Un detalle bello y significativo de la cercanía y la sencillez de Lobinger que tuve oportunidad de experimentar es que - tras la publicación de sus libros en el año 2011- me escribió para decirme que venía en verano a Alemania a visitar a un hermano y que si podría pasar dos semanas en casa y conocerme tanto a mi y a la propuesta de Proconcil, cuanto a la editorial Herder, así como al teólogo Estrada que había hecho una introducción teológica a uno de sus dos libros publicados en castellano.

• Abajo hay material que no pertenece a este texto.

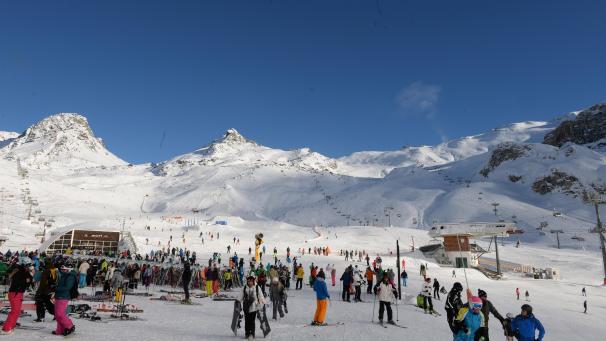 <p>Der 1.600-Einwohner-Ort in Tirol gilt nicht zuletzt wegen der dortigen Feiern beim Après-Ski als einer der Hotspots bei der Verbreitung des Coronavirus in Teilen Europas.</p>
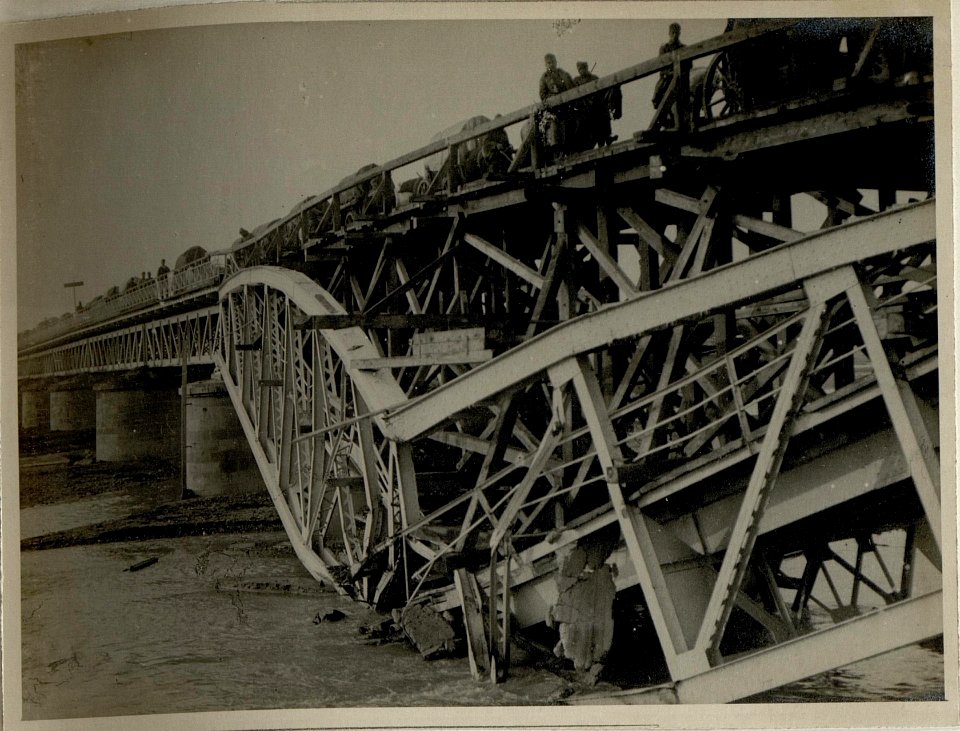 Gesprengte Strassenbrücke, östlich Plojesti (Rumänien), aufgenommen am 2.1.1917 (BildID 15544965)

Un poco sorprendida por la propuesta le pregunté si quería que le buscara alguna casa de espiritualidad o similar para residir y me dijo que no, que, si me parecía bien, quería venir a casa y estar en familia. Y así lo hicimos. Compartimos techo y comida en familia, conoció a algunos de nuestros amigos, viajamos juntos a Sevilla y a otros lugares y sellamos una relación de amistad, más allá de la colaboración en proyectos comunes.
Me gustaría resaltar que Lobinger no solo pensó en soluciones pastorales, sino que sembró semillas de una Iglesia sinodal, donde el discernimiento común, la corresponsabilidad y el protagonismo del pueblo fiel son expresiones de una auténtica comunión. Su diálogo constante con las iglesias hermanas y su apertura a las experiencias eclesiales de Asia, América Latina y Oceanía enriquecieron sus propuestas, haciéndolas profundamente católicas en el sentido pleno del término: abiertas, inclusivas, enraizadas en la vida.
Hoy, mientras el camino sinodal continúa desafiando a la Iglesia a encontrar nuevos lenguajes y formas para la misión, el testimonio de Mons. Lobinger resuena como una invitación a no tener miedo, a confiar en el Espíritu que habla en las comunidades, y a construir juntos una Iglesia más cercana, participativa y esperanzada. Por ello, creo que, agradecidos por su vida y en compromiso con su legado, debemos seguir estudiando como recuperar y dar a conocer sus reflexiones y propuestas.
Que descanse en la paz del Dios de la Vida, a quien sirvió toda su vida con creatividad, audacia y ternura pastoral.